Please copy every line below that contains the string "Full".

----------

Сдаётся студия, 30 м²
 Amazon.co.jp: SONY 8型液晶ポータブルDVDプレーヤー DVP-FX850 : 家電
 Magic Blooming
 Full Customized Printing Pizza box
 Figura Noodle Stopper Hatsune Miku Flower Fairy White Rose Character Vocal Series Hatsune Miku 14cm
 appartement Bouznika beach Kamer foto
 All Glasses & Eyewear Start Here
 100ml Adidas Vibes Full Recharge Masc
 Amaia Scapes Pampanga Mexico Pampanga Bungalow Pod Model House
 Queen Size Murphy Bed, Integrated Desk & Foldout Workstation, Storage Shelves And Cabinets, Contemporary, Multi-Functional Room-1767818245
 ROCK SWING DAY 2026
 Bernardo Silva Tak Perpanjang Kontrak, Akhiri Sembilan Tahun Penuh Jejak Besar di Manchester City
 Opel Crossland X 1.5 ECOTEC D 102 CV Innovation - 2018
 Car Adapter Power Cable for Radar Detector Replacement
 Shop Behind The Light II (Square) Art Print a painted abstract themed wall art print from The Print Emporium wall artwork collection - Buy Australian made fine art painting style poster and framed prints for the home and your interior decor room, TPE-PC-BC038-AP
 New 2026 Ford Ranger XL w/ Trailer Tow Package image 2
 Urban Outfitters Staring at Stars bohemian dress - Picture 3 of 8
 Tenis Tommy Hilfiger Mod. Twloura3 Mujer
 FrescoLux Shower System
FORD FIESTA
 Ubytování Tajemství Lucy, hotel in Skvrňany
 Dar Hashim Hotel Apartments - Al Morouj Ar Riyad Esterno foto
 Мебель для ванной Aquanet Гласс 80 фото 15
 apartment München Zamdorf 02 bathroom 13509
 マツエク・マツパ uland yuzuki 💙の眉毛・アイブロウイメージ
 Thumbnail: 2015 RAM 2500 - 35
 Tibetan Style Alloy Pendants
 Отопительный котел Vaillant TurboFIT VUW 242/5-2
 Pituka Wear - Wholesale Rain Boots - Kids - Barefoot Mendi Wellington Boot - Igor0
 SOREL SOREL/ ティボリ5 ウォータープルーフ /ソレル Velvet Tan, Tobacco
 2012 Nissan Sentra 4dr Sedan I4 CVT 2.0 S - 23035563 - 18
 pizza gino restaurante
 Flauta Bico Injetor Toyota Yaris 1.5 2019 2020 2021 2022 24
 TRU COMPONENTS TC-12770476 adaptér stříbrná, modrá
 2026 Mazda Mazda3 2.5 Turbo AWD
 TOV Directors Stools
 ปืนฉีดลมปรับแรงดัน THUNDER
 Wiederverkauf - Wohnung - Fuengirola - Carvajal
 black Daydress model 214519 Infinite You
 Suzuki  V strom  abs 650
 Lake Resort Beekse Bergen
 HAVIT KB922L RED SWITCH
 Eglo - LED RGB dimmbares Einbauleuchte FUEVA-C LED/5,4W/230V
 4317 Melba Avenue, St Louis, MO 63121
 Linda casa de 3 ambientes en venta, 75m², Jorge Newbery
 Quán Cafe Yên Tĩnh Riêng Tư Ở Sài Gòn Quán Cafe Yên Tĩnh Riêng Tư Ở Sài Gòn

----------

■ **Reply**
 Full Customized Printing Pizza box
 100ml Adidas Vibes Full Recharge Masc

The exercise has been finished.